On Tuesday, Democratic Whip Steny Hoyer (D-Md.) and six ranking members of major House committees sent President Obama a letter declaring, “We are deeply concerned by Russian efforts to undermine, interfere with, and even influence the outcome of our recent election.”
A prominent signer of the letter — Rep. Adam Schiff, D-California, the ranking member of the House Intelligence Committee — is among the Democrats most eager to denounce Russian subversion.
A week ago, when the House approved by a 390-30 margin and sent to the Senate the Intelligence Authorization Act for fiscal 2017, Schiff praised “important provisions aimed at countering Russia’s destabilizing efforts — including those targeting our elections.” One of those “important provisions,” Section 501, sets up in the executive branch “an interagency committee to counter active measures by the Russian Federation to exert covert influence.”
This high-level committee could easily morph into a protracted real-life nightmare.

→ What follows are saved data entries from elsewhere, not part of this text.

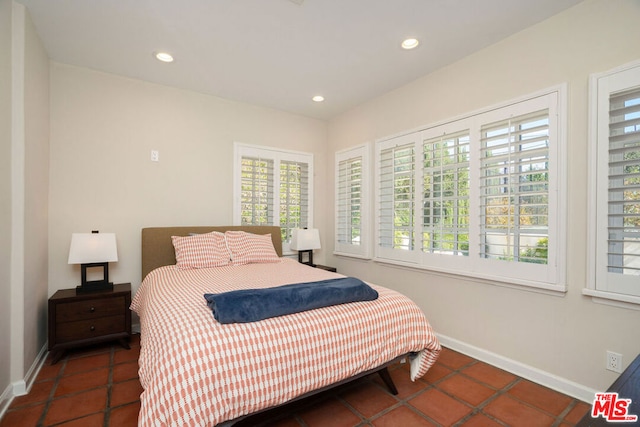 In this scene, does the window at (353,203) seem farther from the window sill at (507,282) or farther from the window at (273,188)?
the window sill at (507,282)

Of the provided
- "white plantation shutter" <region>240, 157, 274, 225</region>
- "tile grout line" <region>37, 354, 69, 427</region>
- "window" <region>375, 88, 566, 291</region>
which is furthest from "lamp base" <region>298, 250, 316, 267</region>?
"tile grout line" <region>37, 354, 69, 427</region>

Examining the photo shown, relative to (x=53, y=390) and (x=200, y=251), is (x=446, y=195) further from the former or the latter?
(x=53, y=390)

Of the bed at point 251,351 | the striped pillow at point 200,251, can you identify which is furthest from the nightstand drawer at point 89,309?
the bed at point 251,351

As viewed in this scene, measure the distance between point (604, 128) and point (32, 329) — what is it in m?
4.30

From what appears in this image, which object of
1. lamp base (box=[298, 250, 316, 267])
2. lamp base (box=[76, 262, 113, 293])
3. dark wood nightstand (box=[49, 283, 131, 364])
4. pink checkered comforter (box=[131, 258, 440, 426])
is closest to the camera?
pink checkered comforter (box=[131, 258, 440, 426])

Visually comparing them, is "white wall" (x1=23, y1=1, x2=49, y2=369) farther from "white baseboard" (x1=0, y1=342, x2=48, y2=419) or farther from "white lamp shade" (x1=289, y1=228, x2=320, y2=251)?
"white lamp shade" (x1=289, y1=228, x2=320, y2=251)

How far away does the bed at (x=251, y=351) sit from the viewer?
1.27m

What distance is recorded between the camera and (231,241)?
10.9 ft

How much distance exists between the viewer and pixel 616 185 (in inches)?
75.2

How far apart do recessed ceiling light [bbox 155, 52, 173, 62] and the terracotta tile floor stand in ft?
8.79

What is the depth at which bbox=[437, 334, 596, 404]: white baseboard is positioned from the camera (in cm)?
206

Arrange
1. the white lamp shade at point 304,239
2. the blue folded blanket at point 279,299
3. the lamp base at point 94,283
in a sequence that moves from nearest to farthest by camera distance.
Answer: the blue folded blanket at point 279,299
the lamp base at point 94,283
the white lamp shade at point 304,239

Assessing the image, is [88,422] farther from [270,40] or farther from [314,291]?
[270,40]

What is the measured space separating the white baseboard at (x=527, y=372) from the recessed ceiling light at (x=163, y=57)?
3654mm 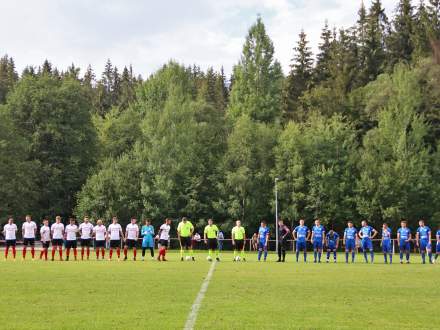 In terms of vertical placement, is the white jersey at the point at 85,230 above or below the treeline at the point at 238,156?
below

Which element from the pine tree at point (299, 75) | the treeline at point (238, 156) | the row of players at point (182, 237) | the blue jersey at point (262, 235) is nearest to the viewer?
the row of players at point (182, 237)

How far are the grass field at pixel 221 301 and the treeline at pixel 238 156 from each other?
42.6 meters

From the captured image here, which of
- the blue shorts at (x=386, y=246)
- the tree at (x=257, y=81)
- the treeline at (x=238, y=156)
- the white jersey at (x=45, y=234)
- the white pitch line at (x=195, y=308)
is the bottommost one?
the white pitch line at (x=195, y=308)

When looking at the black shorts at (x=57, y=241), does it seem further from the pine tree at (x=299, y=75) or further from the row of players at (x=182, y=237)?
the pine tree at (x=299, y=75)

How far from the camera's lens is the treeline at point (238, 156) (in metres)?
62.7

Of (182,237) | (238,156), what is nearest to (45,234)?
(182,237)

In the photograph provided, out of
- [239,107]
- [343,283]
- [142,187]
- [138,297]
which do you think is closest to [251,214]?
[142,187]

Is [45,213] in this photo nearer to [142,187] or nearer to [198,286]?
[142,187]

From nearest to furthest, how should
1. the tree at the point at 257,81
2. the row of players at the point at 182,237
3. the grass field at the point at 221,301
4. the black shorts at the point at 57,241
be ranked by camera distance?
the grass field at the point at 221,301 → the row of players at the point at 182,237 → the black shorts at the point at 57,241 → the tree at the point at 257,81

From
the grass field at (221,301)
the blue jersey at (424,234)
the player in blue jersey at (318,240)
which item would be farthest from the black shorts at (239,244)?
the grass field at (221,301)

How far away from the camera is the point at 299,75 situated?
88625 millimetres

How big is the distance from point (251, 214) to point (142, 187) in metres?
10.8

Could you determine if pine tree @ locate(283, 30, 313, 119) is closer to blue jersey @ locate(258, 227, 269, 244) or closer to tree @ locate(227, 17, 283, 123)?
tree @ locate(227, 17, 283, 123)

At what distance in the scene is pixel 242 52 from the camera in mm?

While lacking public accountability, the committee is mandated to ferret out such ambiguous phenomena as Russian “media manipulation” and “disinformation.” Along the way, the committee could target an array of activists, political opponents or irksome journalists. In any event, its power to fulfill “such other duties as the president may designate” would be ready-made for abuse.
The committee is to be selected by presidential appointees, including the director of the FBI — an agency with leadership that has all too often pursued covert and overt political agendas, from the times of J. Edgar Hoover to James Comey.